While analyzing alternative approaches that can satisfy the above requirements, the question of adopting a centralized or decentralized architecture became a prime focus of our analysis. In particular, we identified and evaluated two alternative approaches: (1) distributed expertise modeling using personal agents, and (2) centralized models with decentralized gathering. Below, we will briefly describe each of these approaches and point out their merits and demerits (see [12] for a more detailed treatment).

In the decentralized approach, expertise modeling is distributed to self-managing agents belonging to each individual expert, and reside on his/her machine [eg. 10]. As such, the whole system becomes a multi-agent system composed of personal agents which carry out the dual tasks of modeling expertise (from authored documents and other sources) as well as assisting their owners in searching other experts.
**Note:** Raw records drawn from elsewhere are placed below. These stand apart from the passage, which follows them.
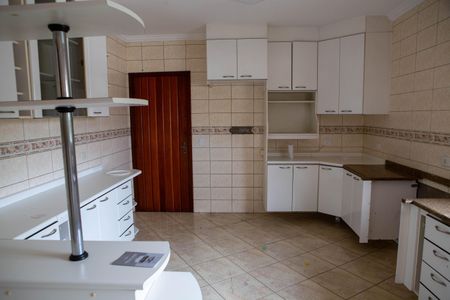 Casa de condomínio à venda com 172m², 4 quartos e 2 vagas Casa de condomínio à venda com 172m², 4 quartos e 2 vagasCozinha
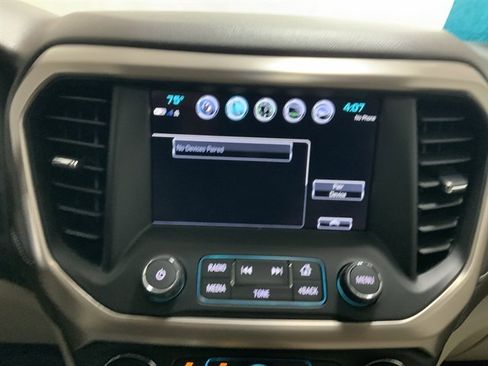 Used 2018 GMC Acadia Denali w/ Technology Package AWD/4WD image 31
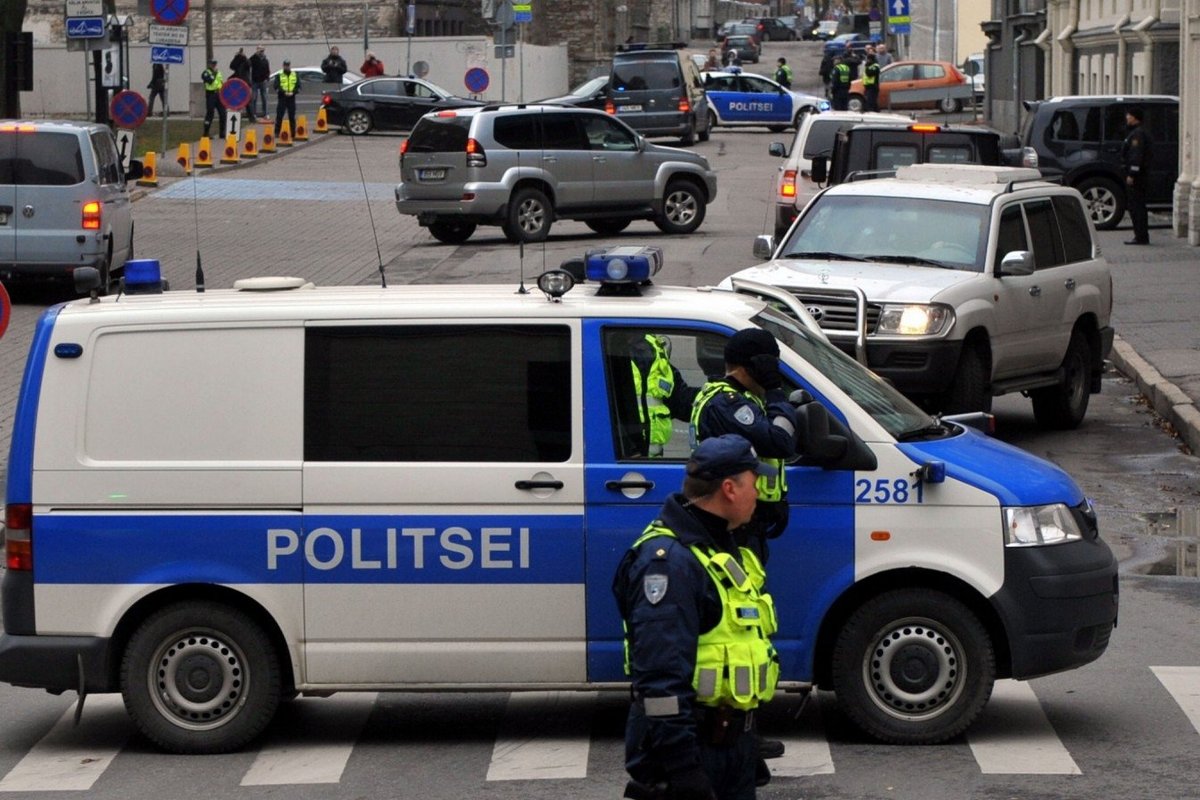 Talino prekybos centre sprogus šiukšliadėžei buvo sužeistas žmogus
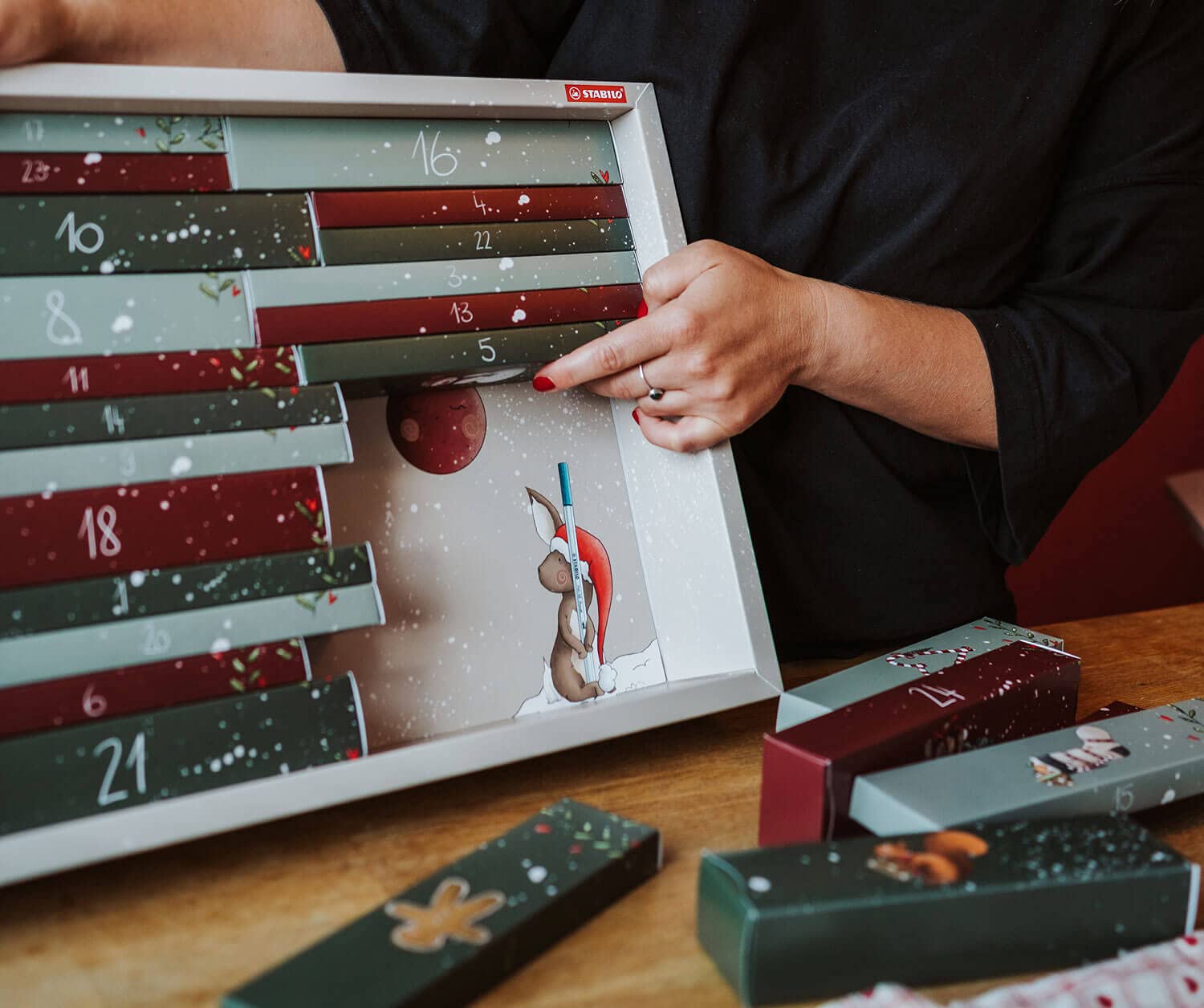 STABILO Adventskalender 2022 - Tierisch kreativer Familienkalender - mit über 50 STABILO Produkten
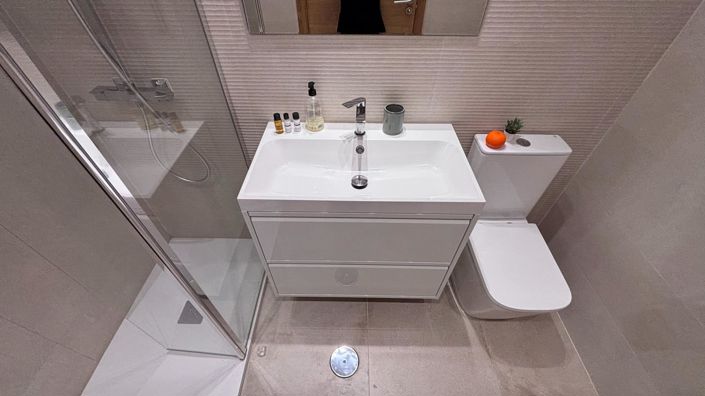 Image No.19-2 Bed Apartment for sale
These agents can be endowed with autonomy to do all the processing and control of expertise modeling on their own and with mobility or pseudomobility to interact with one another.

In the centralized approach, individual experts are linked to a pre-constructed or dynamically generated central expertise model which can be a kind of knowledge model (ontology), organizational structure, etc. (rudimentary versions of this approach are reported in [7] [5]).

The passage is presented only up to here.